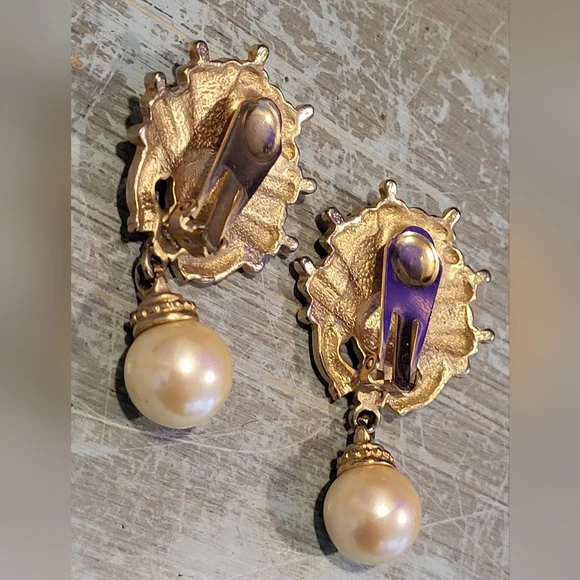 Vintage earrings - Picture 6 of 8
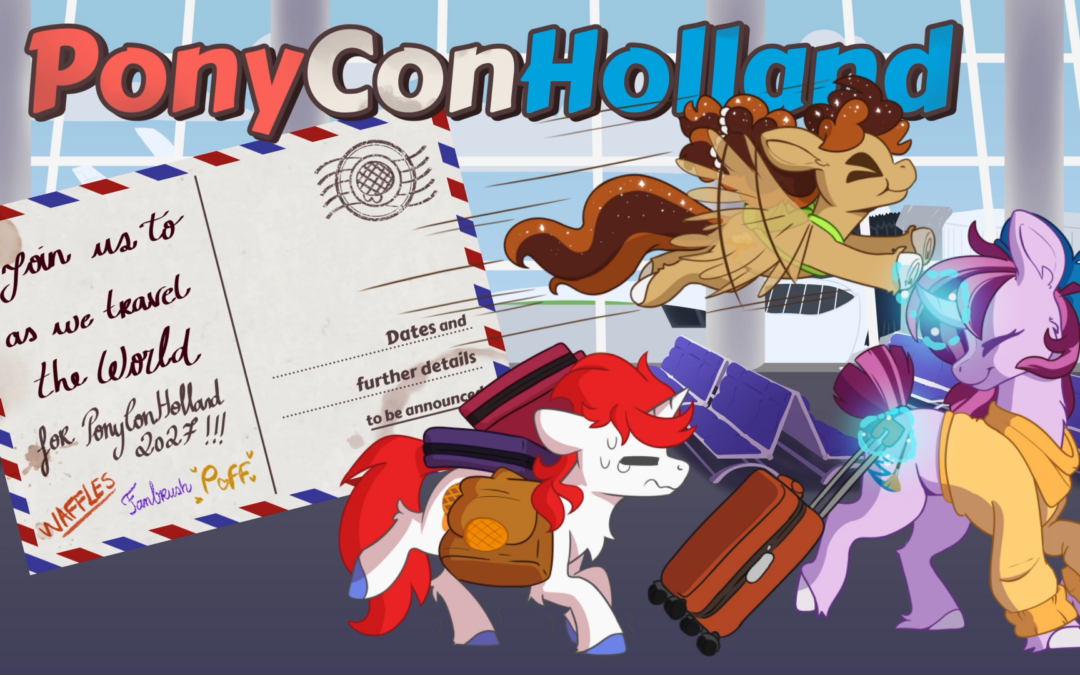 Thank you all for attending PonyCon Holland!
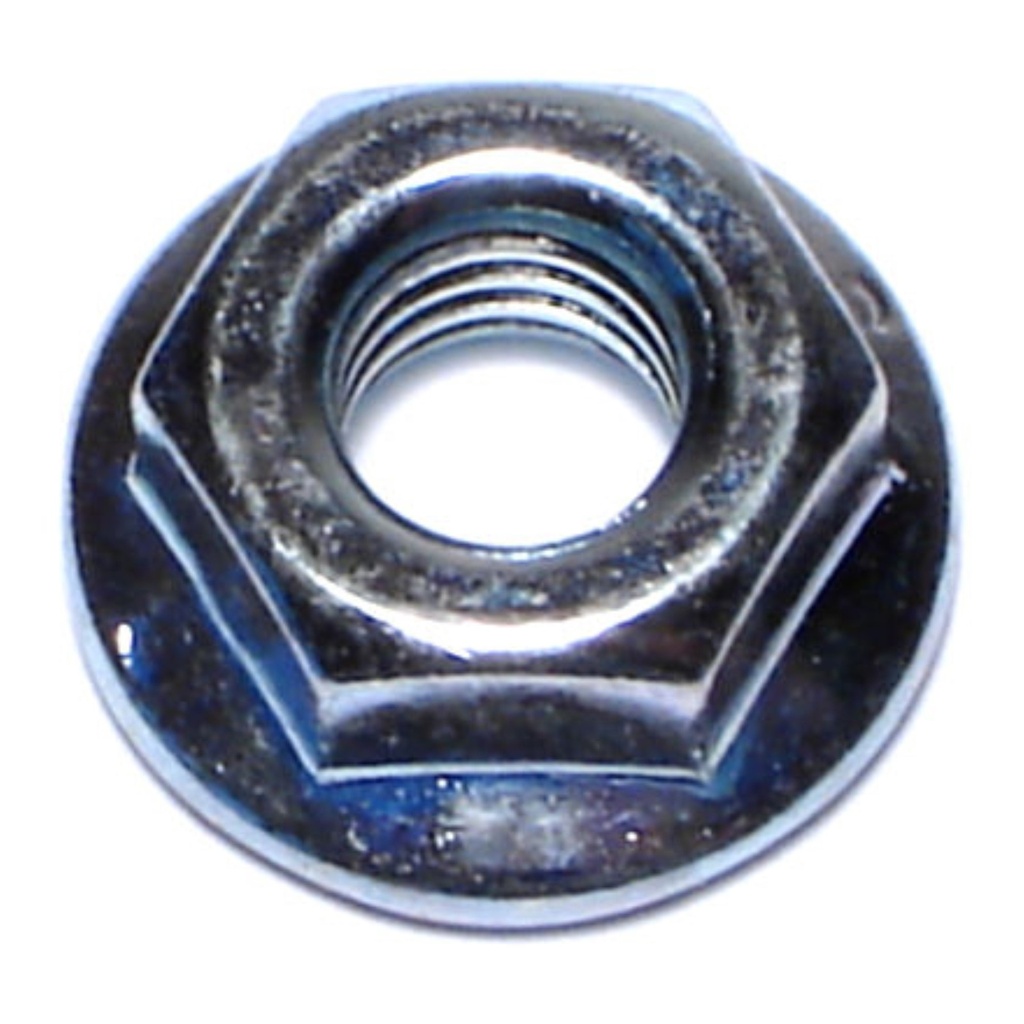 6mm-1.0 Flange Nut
───
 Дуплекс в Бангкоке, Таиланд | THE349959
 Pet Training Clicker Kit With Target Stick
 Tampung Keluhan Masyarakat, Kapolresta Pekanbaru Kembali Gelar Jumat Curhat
───
# [TASK REQUIREMENTS]
Above are the entries. Copy exactly the part that opens with the line containing "Pet Training Clicker Kit With Target Stick" and closes with the line containing "Tampung Keluhan Masyarakat, Kapolresta", and no more.

# [EXERCISE RESULT]
 Pet Training Clicker Kit With Target Stick
 Tampung Keluhan Masyarakat, Kapolresta Pekanbaru Kembali Gelar Jumat Curhat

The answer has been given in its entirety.